12th February, 2006. 3:00 pm.

Right. Nick's got her mobile on in her pocket, so I can listen.
"We'll read your names out in order of how many marks you got, top first. The bottom three will go home."
PLEASE let Kirsty be going home.
"Our top model so far is .... Kahlen."
At least she's not top.
"Second is .... Kaethe."
YAY for Kaethe! She's staying and she's better than Kirsty! Better than Nick too, surprisingly.
"Third .... Nicolette."
Nick doesn't seem to be kicking and screaming, maybe she will later.
"Fourth .... Emma. Fifth .... Katy C."
Well done, Katy C.
"Sixth .... Natalya. Seventh .... Caitie S."
And the other one.
"Eighth .... Lila. And our ninth model is ...."
Freya! Someone I don't know!

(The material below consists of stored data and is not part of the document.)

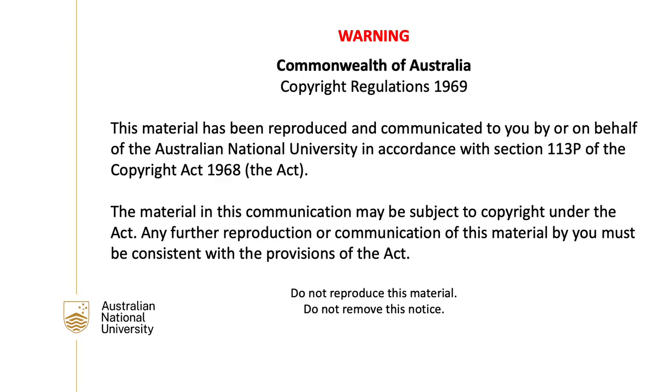This material has been reproduced and communicated to you by or on behalf of the Australian National University in accordance with section 113p of the Copyright Act 1968. The material in this communication may be subject to copyright under the Act. Any further reproduction or communication of this material by you must be consistent with the provisions of the Act. Do not reproduce this material. Do not remove this notice.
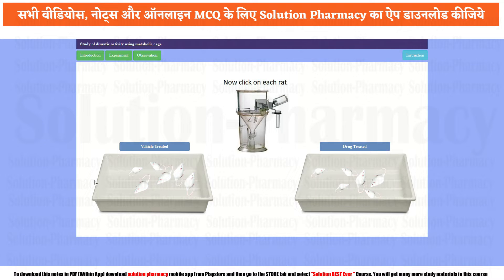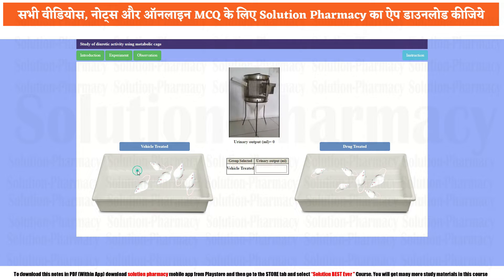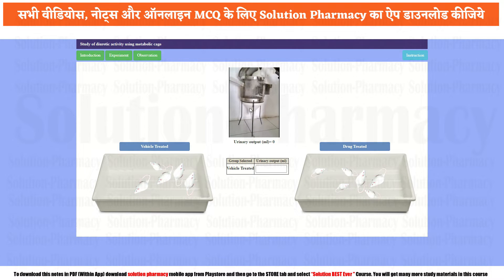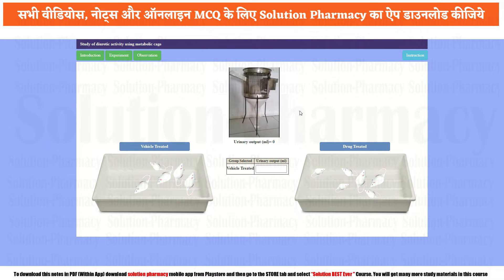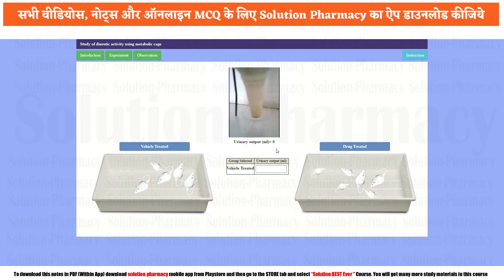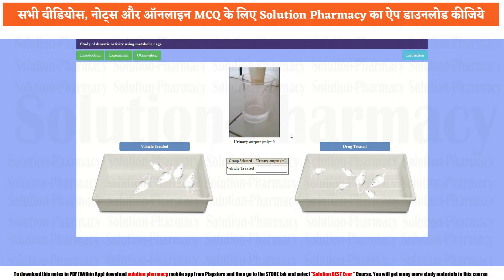Now click one rat at a time and note the response. Start with the vehicle treated group — click on one rat. The rat is placed on a small cage-like instrument with a separate beaker beneath it to collect urine. After 5 hours, measure the volume of urine. In the vehicle treated group, it is found to be 3.2 ml. Note it down and repeat the same with all animals in this group.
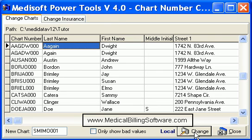Now, in MetaSoft, when you look up this patient and enter in her new last name in the chart number field, you'll be able to find them real quickly.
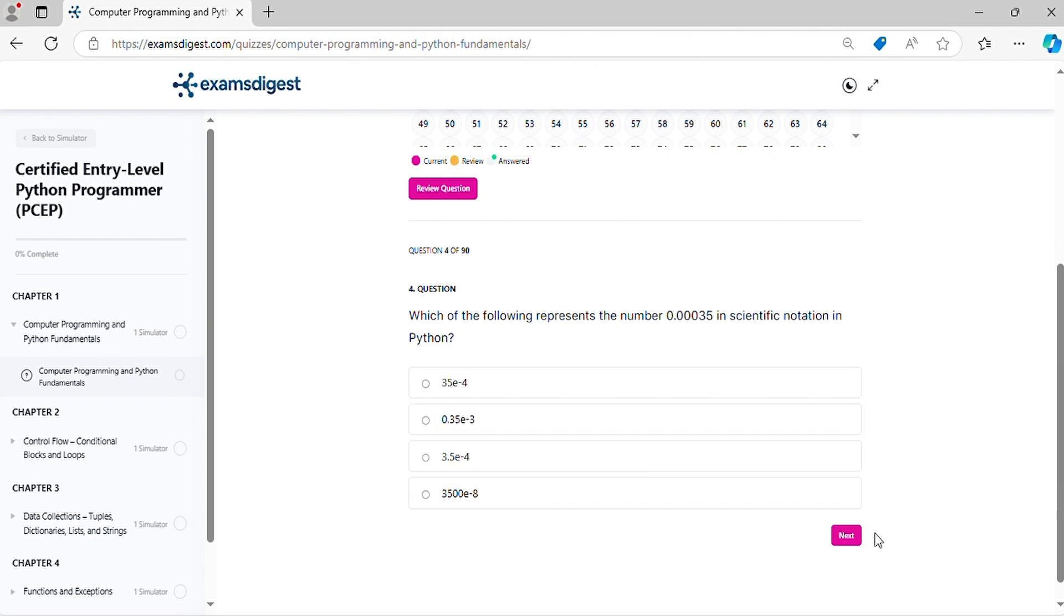Question 4. Which of the following represents the number 0.00035 in scientific notation in Python?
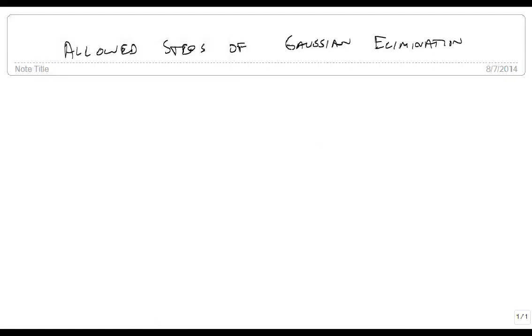We're now going to list the allowed steps that you can use when doing Gaussian elimination. There's only three things you can do.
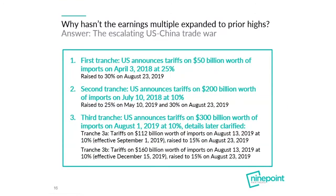The real question is why hasn't the earnings multiple expanded back to the prior highs of 17 times or higher. The answer is the escalating US-China trade war, which has a real impact on business confidence and on the multiples that investors are willing to pay. I've broken it down into three tranches of tariffs that Trump introduced against Chinese imports. The real concerns are around the third and final tranche — especially tranche 3B, postponed until December 15, 2019 — which represents the final bucket of real consumer goods and would be a much more severe punitive tariff.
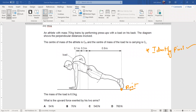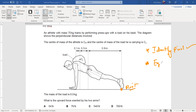The pivot is always fixed, and the athlete will move either clockwise or anticlockwise around it. After identifying the pivot, we consider the object to be in equilibrium — meaning balanced. If it's in equilibrium, the anticlockwise moment (ACM) is equal to the clockwise moment (CM).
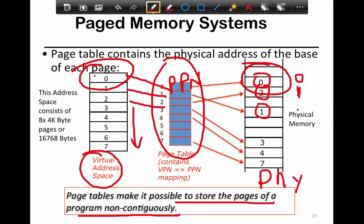That's what page tables fundamentally help you achieve — you don't have to find a contiguous hole. For example, with segments you'd have to find a 32-kilobyte contiguous chunk somewhere in physical memory. With paging you can map each 4-kilobyte chunk into separate spaces, which helps you manage memory a lot more easily.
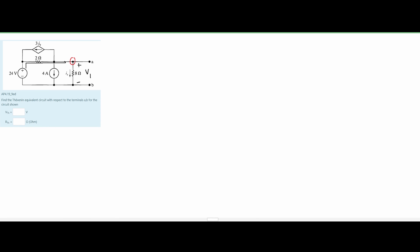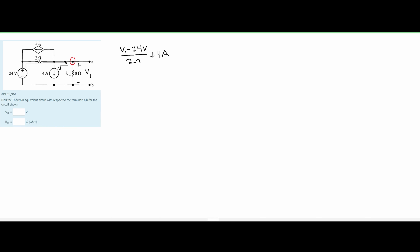This first part is going into this node. We know that it's going to be V1 minus our V source, which is 24 volts, all over the resistor, which is 2 ohms in this case. Next, we look at this 4 amps — we can see that it's going out of our node, so it's going to be positive: plus 4 amps. Next, we are going to look at this 3 times our I of X, which is going out of the node, so we will have plus 3 times I of X.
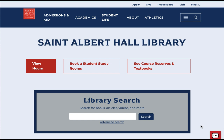Below that is the library's search box, which is a great place to start looking for books, articles, videos, and more. You can search by topic or a known item to see if we have anything on that.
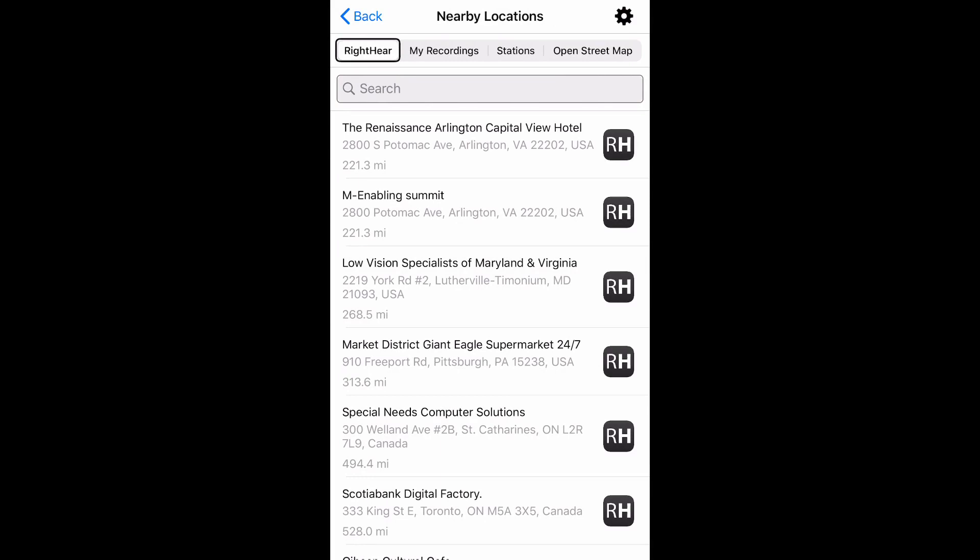At the top right of my screen there is a settings button for the nearby locations feature. Nearby settings button. When I press the settings button, it will bring me to a page with multiple categories such as Right Here locations, my recordings, stations, open street map points of interest, and distance that I can either enable or disable with the click of a button to help me personalize my nearby locations points of interest.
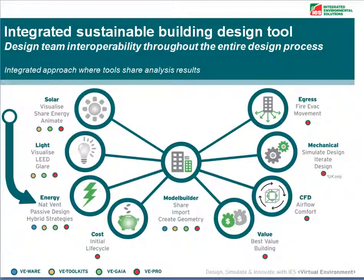For those of you who are unfamiliar with our software suite, our software is made up of modules. This is so you only need to purchase the modules you require rather than having to purchase the entire software suite.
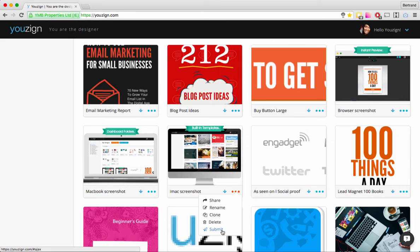The last option is Submit. At the moment we haven't pushed it a lot, but what it allows you to do is submit a design to the Usain templates marketplace. The Usain review team will see it and if it fits our design standards, we'll make it available for other users. Right now if you submit a design it will be free to use, but ultimately we're going to introduce a marketplace so you can sell your designs or buy designs from other people.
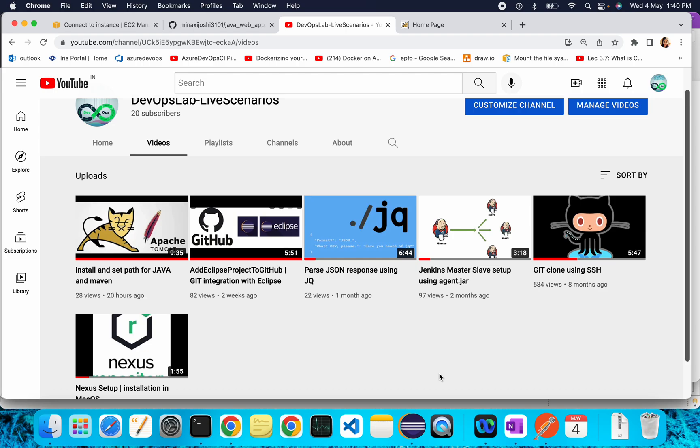Welcome back to my YouTube channel. In our last video we already set up a QA server and installed and set the path for Java and Maven. That video is available on my YouTube channel.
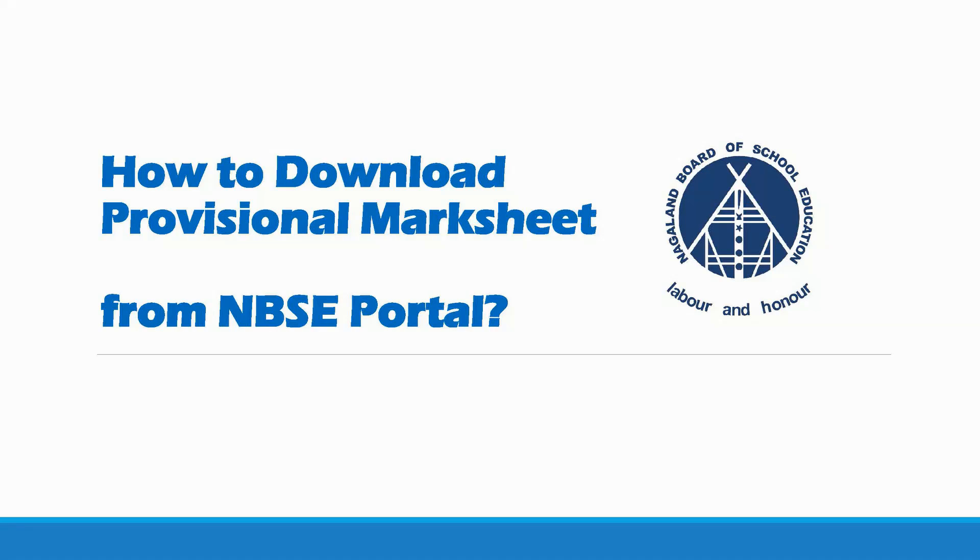In this tutorial video we will show you how to download Provisional Marksheet from NBSE Portal.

The other person I don't know! NOT KIRSTY!
".... Kirsty. Freya, Gemma, Francesca - we're sorry to lose you. Good luck in the future, girls."

I hear a little crying, then a fart, then the phone goes dead. Damn Nick's talent for farting on command! And damn Kirsty for getting in. She'll be so SMUG later. At least she was last, after Kaethe, Nick, Katy and Caitie, and four others. Time to go to Melissa's - and on the way, I'll call Jus and tell him about Nick farting down the phone at me. He loves farting, hehe.

Make Notes

12th February, 2006. 1:39 pm.

Wow. Been a while hasn't it? Ah well, not much has happened. We got in deep shit for the school pics, Cathcart even wanted Brig suspended! She talked about it in assembly, in front of us and Y11, and so many people were trying to stifle laughs. Brig managed to use her mother to worm her way out of it, her punishment went down to a week's detention. Jen, Janet and Justin were suspended for the rest of the term, though Jus had to come in once for a meeting with the school counsellor - "Do you think you need to be a girl, Justin, or Justine if you prefer?". He was mortified, and when everyone found out, he was happy to be suspended. Poor Jus, he will never look like a real boy.

Other things still the same. James is still going out with Kirsty - I wish he'd break up with the bloody cow. She's off on the model weekend thing today - Nick's going to call me at three, when the results come in, to say who did and didn't get through. We're going to lunch with them at five. Each model is allowed to bring one friend or family member. Kaethe asked me, and Nick called earlier to say that Melissa could come along as Caitie's friend, as she's got no-one and both Nick's mum and Freya's mum just HAVE to be there. Justin doesn't want to join us.

James will be invited by Bad Facelift. Now is my time to shine. Melissa will do me up perfectly - I will get James to love me if it's the last thing I ever do. It'll be harder than before if I'm surrounded by pretty girls, but I can beat them all.

Make Notes

30th January, 2006. 6:48 pm.

School pictures were actually quite a laugh. Operation Bridgette worked PERFECTLY. Justin, Janet, Jen and Big Dave mysteriously came down with colds - I wonder why? So they, Melissa, Ginger and Kaethe (with all the time she spends being gastrically challenged, they en't gonna let her near the pool) wrecked Brig's uniform. We had to stop ourselves from giggling when her buttons kept falling out of their holes so that you could see her bra, sewn over double so that it could barely cover anything. Ginger is the Goddess of sewing, so it didn't even look like it had been tampered with. Also, Freya was standing behind Brig for the picture, and balanced a spoon on her head.

Ginger and I "exploded" our hair, with the help of that hair-straightening cream I used for the modelling. We looked so stupid, and yet it could be a complete accident. Kaethe had her cat ears and cat nose and cat whiskers on, which rocked. Of course, Janet and Jen had their tops hanging open, Big Dave and a few other boys (and Nick!?) had "BALLS" patches, but Justin was the best (apart from Brig). He hated the idea, but being as it's school pics, he likes a laugh as much as we do. We got one of Nick's padded bras and stuffed it with bra stuffing (Nick's mum makes her do this for modelling), LOADS of it, and he put it on. He stood sideways for the picture so that both the tits and the blazer patch were really obvious, and ta-da! Justine! He only wore it for the picture and took it off straight after, but it was funny.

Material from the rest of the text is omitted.